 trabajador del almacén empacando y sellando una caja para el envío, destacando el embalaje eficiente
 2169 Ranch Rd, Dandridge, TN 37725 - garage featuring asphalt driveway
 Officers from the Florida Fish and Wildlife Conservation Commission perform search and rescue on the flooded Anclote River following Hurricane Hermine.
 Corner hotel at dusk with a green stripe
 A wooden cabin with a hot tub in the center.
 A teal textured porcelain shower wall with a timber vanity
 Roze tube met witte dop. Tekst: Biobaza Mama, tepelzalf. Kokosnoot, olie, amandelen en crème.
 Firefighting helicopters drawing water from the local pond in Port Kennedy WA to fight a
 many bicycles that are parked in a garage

------------------------------

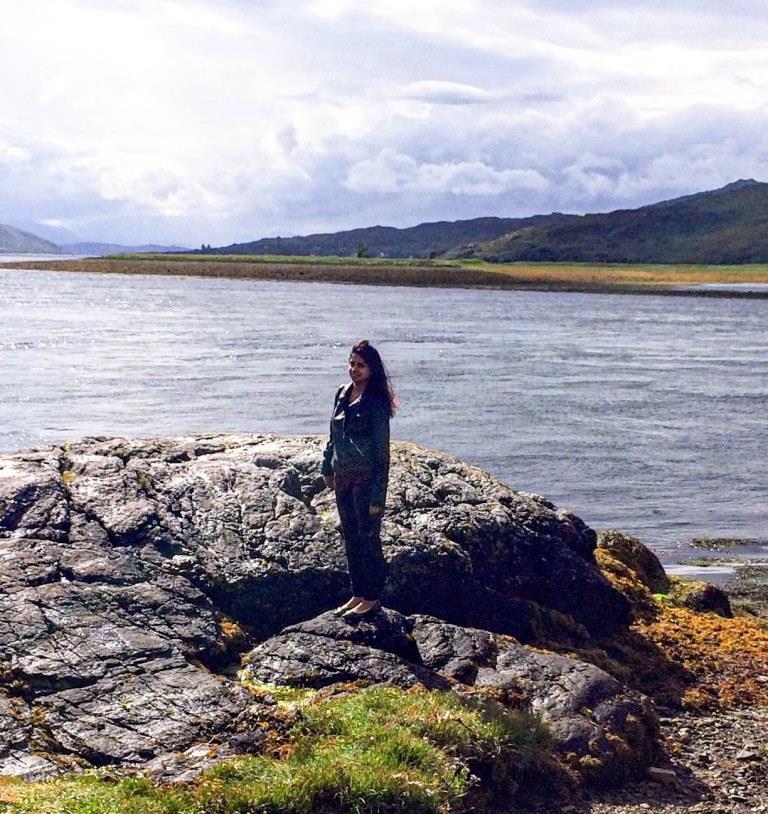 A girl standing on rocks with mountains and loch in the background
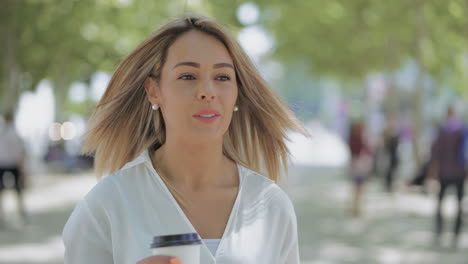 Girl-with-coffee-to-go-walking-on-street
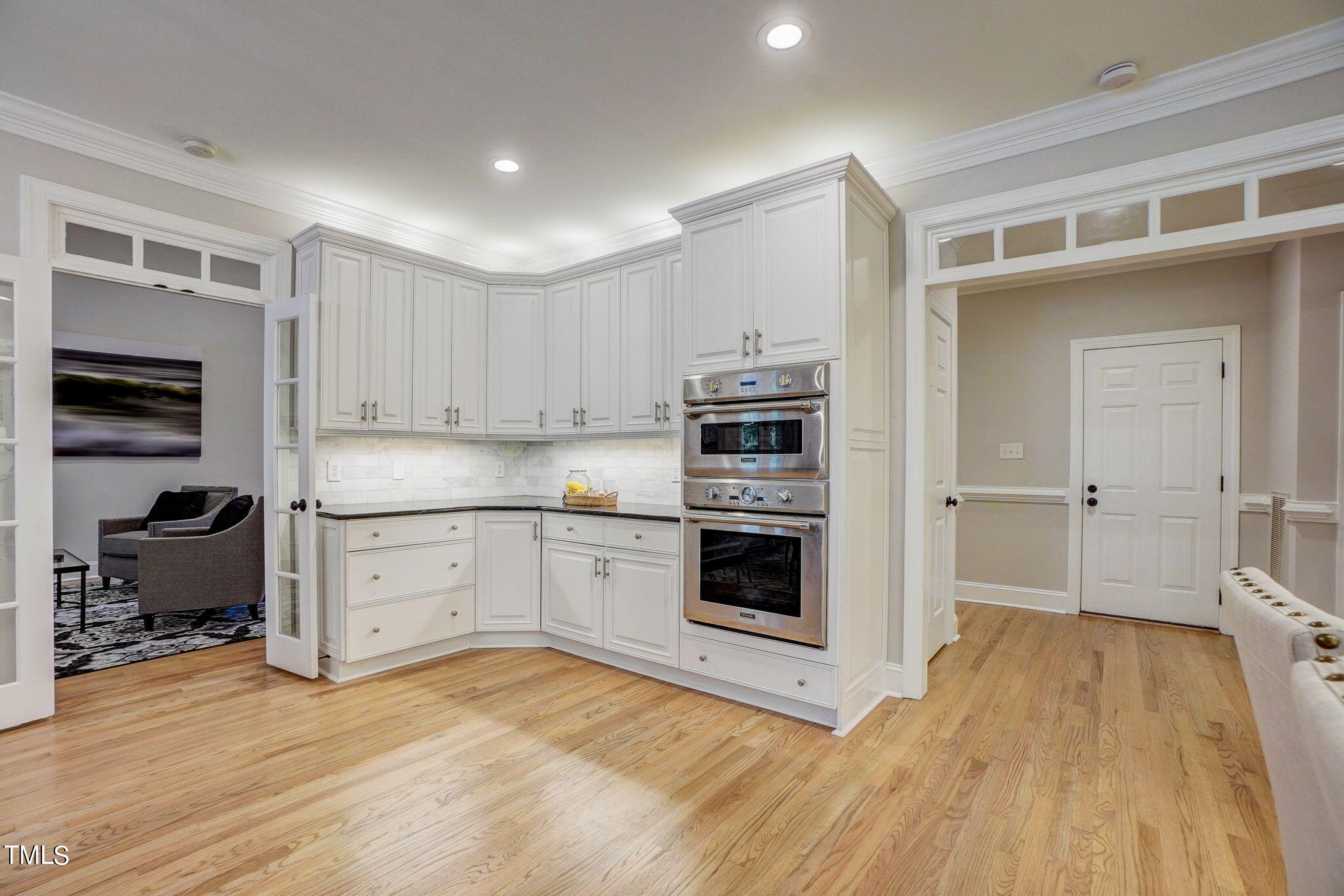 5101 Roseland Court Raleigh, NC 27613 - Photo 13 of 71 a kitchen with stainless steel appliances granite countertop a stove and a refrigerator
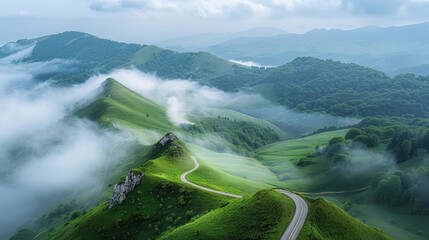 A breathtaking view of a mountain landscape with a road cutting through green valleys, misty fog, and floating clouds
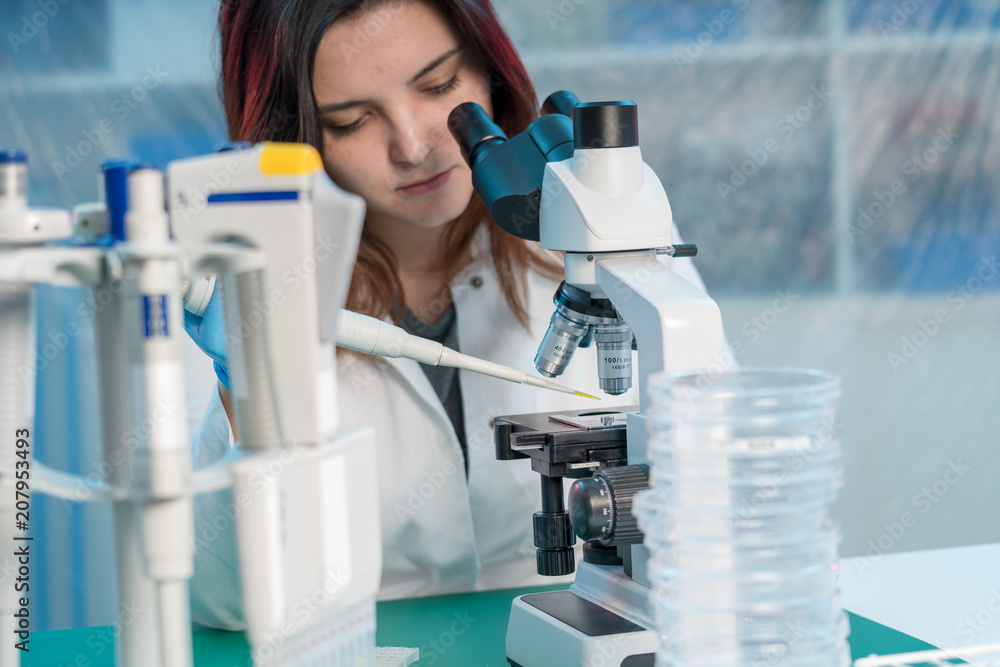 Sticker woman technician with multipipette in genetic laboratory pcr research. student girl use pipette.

------------------------------

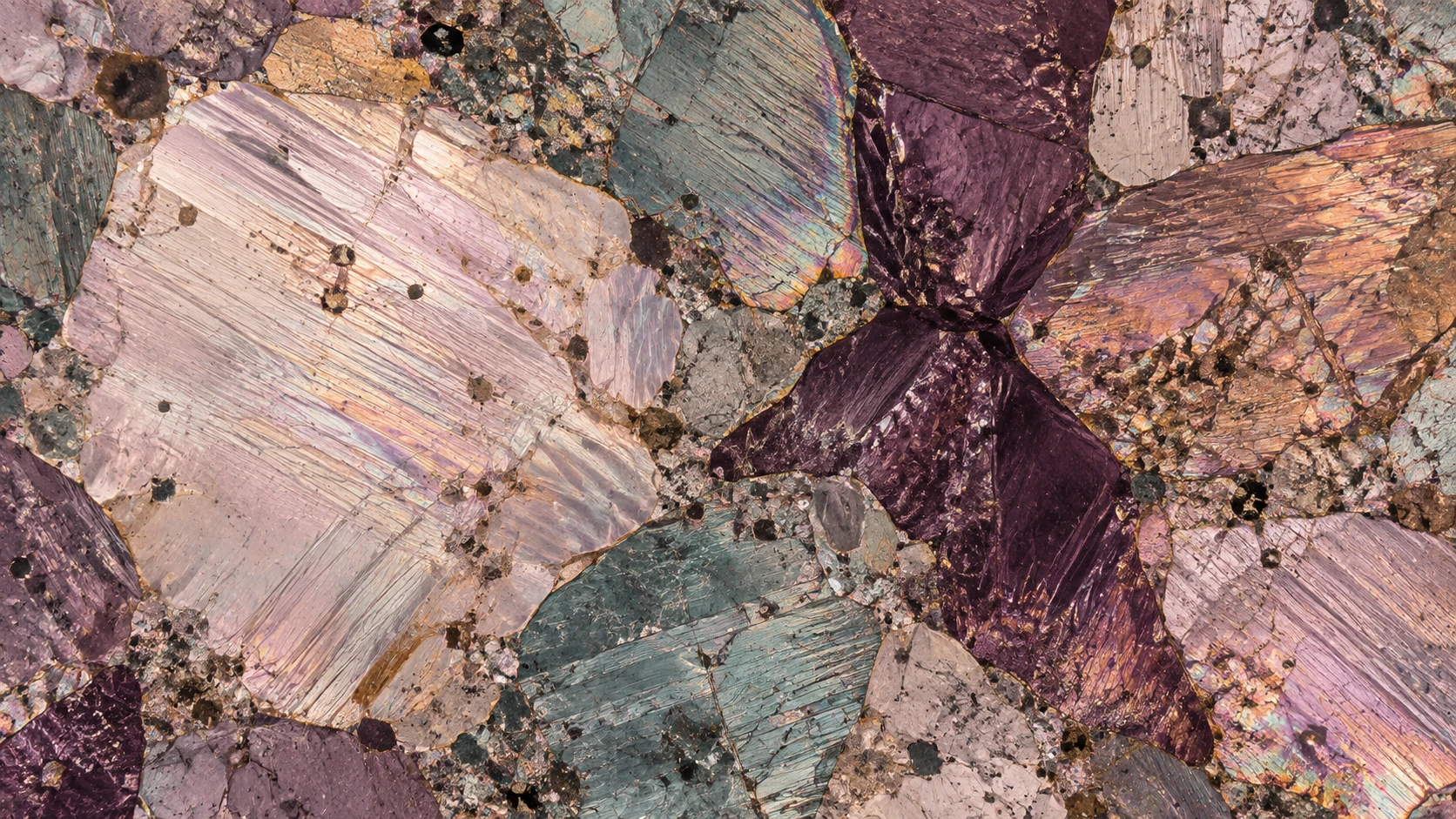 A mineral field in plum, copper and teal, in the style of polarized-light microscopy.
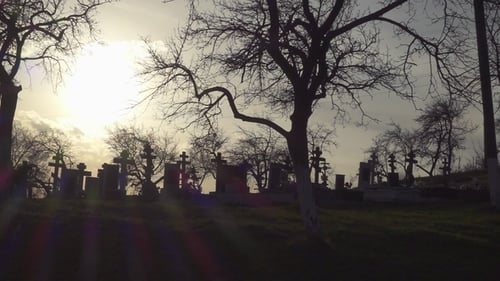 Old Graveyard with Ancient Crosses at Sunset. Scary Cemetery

------------------------------

● Brief: From the material above, give again exactly the lines from the one that contains "A girl standing" through the one that contains "Sticker woman technician", and leave out the pictures.

● Answer area:
 A girl standing on rocks with mountains and loch in the background
 Girl-with-coffee-to-go-walking-on-street
 5101 Roseland Court Raleigh, NC 27613 - Photo 13 of 71 a kitchen with stainless steel appliances granite countertop a stove and a refrigerator
 A breathtaking view of a mountain landscape with a road cutting through green valleys, misty fog, and floating clouds
 Sticker woman technician with multipipette in genetic laboratory pcr research. student girl use pipette.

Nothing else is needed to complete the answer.